Es gibt im Französischen eine Reihe von teilweise lexikalisierten, teilweise grammatikalisierten Elementen, die gern als "diskontinuierlich" bezeichnet werden. Sie erinnern an die im Deutschen verbindliche Fernstellung des Präverbs (wir bereiten uns auf die Prüfung vor), denn sie bestehen aus (mindestens) zwei Teilen, die im Satz auseinandergerückt sind oder sein können und bestimmte andere Typen von Elementen, z. B. pronominale Objekte, Adverbien oder Verben, umschließen. Dazu gehören:

  1. die gesamte Gruppe der globalen Negatoren: ne ... pas (nicht), ne ... rien (nichts), ne ... jamais (nie), ne ... guère (kaum), ne ... plus (nicht mehr), ne ... plus guère (kaum noch) usw.
  2. in bestimmter Umgebung die beiden Teile der analytischen Tempora
  3. in bestimmter Umgebung Kombinationen aus Modalverb und Verb
  4. mehrgliedrige lexikalische Einheiten, Funktionsverbgefüge usw.

In konkreten Sätzen sind diese mehrgliedrigen Einheiten oft sogar ineinander verzahnt, wie einige der folgenden Beispiele zeigen:

  • Pour ce modèle ne se trouvent plus guère de pièces.
    (Für dieses Modell bekommt man kaum noch Ersatzteile.)
  • Je ne les ai jamais rencontrés. Je ne les ai jamais rencontrés.
    (Ich bin ihnen nie begegnet.)
  • Je n'ai absolument pas vu le panneau d'interdiction.
    Je n'ai absolument pas vu le panneau d'interdiction.

    (Ich habe das Verbotsschild überhaupt nicht gesehen.)
  • Elle se rendra enfin compte de sa maladresse.
    (Sie wird ihre Ungeschicklichkeit endlich einsehen.)
  • Ne peux-tu pas aller les chercher, ces journaux?
    Ne peux-tu pas aller les chercher, ces journaux?=
    Ne [peux-tu pas (aller les chercher)]...
    (Kannst du sie nicht holen, diese Zeitungen?)
  • Dans son discours, il a fait plusieurs fois allusion aux erreurs du gouvernement.
    (In seiner Rede hat er mehrmals auf die Irrtümer der Regierung angespielt.)

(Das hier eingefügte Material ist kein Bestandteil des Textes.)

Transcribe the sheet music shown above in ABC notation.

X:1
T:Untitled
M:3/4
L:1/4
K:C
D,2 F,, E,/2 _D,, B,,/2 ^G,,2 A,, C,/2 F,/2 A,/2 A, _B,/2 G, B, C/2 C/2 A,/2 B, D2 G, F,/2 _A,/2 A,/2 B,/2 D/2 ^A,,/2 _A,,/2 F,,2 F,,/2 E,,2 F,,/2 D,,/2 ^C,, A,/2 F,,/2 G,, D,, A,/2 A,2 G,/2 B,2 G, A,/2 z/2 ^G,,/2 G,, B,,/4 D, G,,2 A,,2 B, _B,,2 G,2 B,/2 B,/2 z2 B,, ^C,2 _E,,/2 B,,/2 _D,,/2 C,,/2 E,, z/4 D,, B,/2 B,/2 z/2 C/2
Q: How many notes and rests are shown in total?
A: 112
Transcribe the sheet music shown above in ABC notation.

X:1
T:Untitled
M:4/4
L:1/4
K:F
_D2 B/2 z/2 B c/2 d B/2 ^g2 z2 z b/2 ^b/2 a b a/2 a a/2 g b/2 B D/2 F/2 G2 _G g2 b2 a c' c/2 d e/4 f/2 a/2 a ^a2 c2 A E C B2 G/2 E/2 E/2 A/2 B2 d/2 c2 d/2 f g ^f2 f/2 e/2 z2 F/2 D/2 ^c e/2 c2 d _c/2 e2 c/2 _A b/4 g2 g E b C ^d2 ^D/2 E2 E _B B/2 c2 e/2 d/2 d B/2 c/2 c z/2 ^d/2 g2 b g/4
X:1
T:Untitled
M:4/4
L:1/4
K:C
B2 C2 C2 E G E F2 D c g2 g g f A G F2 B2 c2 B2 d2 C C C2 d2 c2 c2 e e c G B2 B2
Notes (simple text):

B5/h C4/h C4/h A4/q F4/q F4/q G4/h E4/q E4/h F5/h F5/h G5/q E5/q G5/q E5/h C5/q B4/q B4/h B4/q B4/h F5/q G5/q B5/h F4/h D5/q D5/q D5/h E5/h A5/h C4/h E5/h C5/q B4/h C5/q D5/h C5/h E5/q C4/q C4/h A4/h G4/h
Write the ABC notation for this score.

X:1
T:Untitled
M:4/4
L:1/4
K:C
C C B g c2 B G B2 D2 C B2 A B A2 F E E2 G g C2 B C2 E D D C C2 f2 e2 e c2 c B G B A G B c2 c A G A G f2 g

In der reihenden Struktur des französischen Standard-Satzmodells wirken diese mikrostrukturellen Klammerformen wie konzentrische Inseln. Ihre Häufigkeit zeigt aber, dass sie ebenso typisch sind wie die additive Grundstruktur. Es äußert sich also hier eine versteckte Verwandtschaft beider Sprachen - versteckt, weil dasselbe Phänomen nicht in beiden Sprachen auf derselben strukturellen Ebene oder in derselben Intensität vertreten sein muss, um dennoch als relevant erkannt zu werden.